Outgoing Senator Boudaie served as advocate for Jewish community on campus, though not fully accomplishing all platforms
As ASUCD Senator Samantha Boudaie’s one-year term ends, fellow ASUCD senators and unit members looked back at a brief but fruitful career uplifting UC Davis’s Jewish community.
ASUCD Vice President Emily Barneond said Boudaie was hardworking during her time on the Senate table.
“[Boudaie] is a super active advocate for the Jewish community and scheduled meetings with Chancellor May to advocate for the community she represents,” Barneond said.
Boudaie’s platform of reducing antisemitism at UC Davis came in the form of a report she developed which showed three out of four Jewish students were made to feel uncomfortable on campus.
“I make the joke that I became a statistician in my term because I had to learn the right way to ask these questions, the appropriate methods, collecting the data,” Boudaie said. “I believe that it came out really strong.”
Boudaie said that she has been pushing to inform members of ASUCD about the wants and needs of the Jewish community on campus.
“We thought that it was important that there was some education taught by the Jewish community,” Boudaie said. “So this entire quarter, my staff has worked to assemble and consolidate information from the Jewish community in a programmatic way to be eventually taught to ASUCD.”
It is unclear when and how this will be implemented, as Senator Boudaie only said “it is very likely it will be handed off.”
She also pursued stocking Kosher foods at the ASUCD Coffee House (CoHo) in an effort to foster a welcoming environment for Jewish students.

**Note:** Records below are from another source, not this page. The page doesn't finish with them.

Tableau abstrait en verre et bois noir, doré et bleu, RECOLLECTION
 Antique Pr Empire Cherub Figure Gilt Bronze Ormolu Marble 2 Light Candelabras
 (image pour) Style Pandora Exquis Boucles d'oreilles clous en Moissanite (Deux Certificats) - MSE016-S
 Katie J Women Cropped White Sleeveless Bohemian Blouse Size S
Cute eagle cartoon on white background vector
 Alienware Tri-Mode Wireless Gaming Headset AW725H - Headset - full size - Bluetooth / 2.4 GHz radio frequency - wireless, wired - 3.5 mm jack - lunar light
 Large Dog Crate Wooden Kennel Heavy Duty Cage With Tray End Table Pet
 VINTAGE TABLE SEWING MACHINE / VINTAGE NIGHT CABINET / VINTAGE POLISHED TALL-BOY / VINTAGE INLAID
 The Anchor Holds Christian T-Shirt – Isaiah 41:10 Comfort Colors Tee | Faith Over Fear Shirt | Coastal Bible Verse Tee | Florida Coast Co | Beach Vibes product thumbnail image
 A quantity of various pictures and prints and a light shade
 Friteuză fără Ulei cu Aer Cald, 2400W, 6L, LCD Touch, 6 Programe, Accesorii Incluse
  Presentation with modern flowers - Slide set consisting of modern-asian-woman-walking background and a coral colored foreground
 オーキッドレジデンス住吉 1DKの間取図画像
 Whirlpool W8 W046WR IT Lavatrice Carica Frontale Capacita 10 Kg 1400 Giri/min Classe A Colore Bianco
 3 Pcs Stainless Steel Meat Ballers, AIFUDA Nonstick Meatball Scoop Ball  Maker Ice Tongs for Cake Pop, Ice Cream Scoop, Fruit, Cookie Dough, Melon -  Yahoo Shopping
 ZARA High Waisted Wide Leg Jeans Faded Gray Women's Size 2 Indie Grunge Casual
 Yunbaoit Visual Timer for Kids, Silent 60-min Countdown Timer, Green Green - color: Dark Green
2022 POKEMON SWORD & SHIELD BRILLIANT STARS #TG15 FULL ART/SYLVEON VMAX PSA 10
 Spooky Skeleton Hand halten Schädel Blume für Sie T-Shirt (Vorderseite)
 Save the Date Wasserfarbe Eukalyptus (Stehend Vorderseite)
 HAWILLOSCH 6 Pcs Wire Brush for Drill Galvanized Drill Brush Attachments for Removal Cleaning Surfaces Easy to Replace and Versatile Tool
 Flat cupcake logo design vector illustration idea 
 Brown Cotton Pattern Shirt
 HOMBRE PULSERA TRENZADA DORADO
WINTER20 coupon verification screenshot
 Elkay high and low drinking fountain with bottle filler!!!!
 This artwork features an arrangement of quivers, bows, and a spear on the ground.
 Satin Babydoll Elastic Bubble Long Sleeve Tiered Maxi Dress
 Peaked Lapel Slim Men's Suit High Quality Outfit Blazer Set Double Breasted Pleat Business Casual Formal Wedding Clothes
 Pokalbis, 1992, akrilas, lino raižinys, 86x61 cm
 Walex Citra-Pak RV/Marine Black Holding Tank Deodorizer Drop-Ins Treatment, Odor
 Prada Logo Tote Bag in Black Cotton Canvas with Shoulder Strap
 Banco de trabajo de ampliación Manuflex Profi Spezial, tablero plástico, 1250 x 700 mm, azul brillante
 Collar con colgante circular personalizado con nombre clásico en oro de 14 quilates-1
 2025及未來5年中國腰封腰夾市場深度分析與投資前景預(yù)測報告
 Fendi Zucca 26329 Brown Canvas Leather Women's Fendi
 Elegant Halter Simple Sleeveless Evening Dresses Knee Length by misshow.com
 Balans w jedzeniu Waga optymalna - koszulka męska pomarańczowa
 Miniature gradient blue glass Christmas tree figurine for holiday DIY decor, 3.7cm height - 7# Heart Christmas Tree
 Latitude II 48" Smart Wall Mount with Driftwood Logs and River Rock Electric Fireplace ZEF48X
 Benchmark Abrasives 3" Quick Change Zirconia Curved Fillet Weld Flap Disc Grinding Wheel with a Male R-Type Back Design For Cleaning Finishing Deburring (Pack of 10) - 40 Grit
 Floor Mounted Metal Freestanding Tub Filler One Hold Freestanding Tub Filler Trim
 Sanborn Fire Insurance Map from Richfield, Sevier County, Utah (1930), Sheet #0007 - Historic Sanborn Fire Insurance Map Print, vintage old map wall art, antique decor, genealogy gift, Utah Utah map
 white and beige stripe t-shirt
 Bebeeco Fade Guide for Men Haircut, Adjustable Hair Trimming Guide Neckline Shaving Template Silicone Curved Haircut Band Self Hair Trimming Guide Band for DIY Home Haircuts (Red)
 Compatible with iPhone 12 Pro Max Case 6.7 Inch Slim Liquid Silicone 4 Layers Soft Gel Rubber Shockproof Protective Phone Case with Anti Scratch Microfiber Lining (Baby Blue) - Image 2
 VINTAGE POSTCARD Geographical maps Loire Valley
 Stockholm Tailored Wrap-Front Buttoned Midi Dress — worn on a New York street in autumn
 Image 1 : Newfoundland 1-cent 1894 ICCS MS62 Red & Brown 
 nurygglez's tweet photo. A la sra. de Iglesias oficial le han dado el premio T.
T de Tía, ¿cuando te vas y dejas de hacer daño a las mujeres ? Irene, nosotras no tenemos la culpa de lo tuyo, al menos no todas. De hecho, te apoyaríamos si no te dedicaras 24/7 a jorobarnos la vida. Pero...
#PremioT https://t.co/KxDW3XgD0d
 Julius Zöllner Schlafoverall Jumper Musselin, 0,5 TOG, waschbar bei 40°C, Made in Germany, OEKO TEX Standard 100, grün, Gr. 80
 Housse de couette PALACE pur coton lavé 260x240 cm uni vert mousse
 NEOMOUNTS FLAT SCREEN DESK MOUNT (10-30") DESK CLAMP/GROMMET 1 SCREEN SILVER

“[Boudaie’s] biggest collaboration with us was on the idea of bringing more kosher food items to the CoHo,” said CoHo Foodservice Director Darin Schluep via email. “Unfortunately, a lot of the momentum behind the idea was lost due to closures last spring due to COVID.”
COVID-19 also affected her ability to accomplish her first campaign platform, pursuing grant and scholarship opportunities from local businesses and increasing student discounts.
“We felt it was inappropriate to ask businesses, ‘Hey do you feel like you would like to contribute to student welfare scholarships?’ because they were already hard-hit by the pandemic,” Boudaie said.
Barneond said that Boudaie coordinated on a much-needed rewrite of the ASUCD bylaws.
“[Boudaie] expressed her willingness to work with me when I was still the chairperson of IAC,” Barneond said. “We both recognized a dire need for this rewrite because our government documents have so many grammatical errors.”
Emmanuel Fernandez, the general manager of KDVS, said via email that he was impressed with Boudaie, even though she only recently acquired the unit.
“I sincerely wish I had more time with her,” Fernandez said via email. “She has proven a very strong ally and advocate for our media unit and has kept all communication about ASUCD succinct and understandable.”
Though Boudaie was unable to meet her platform goal to revamp the hiring process for senate staff during her term, she was able to create a transitional development workshop out of existing training materials.
“[Boudaie] spearheaded that effort, and I think it’ll definitely come through when the new six senators are elected,” Barneond said.
Moving forward, the outgoing senator said she hopes that ASUCD will move away from strict partisanship.
“A lot of the projects were made possible by working with everyone on the table,” Boudaie said. “Be nice and play nice.”
Barneond said Boudaie was one of the most active senators on the table.
“I’m honestly excited to see where she’ll go and what she’ll do,” Barneond said.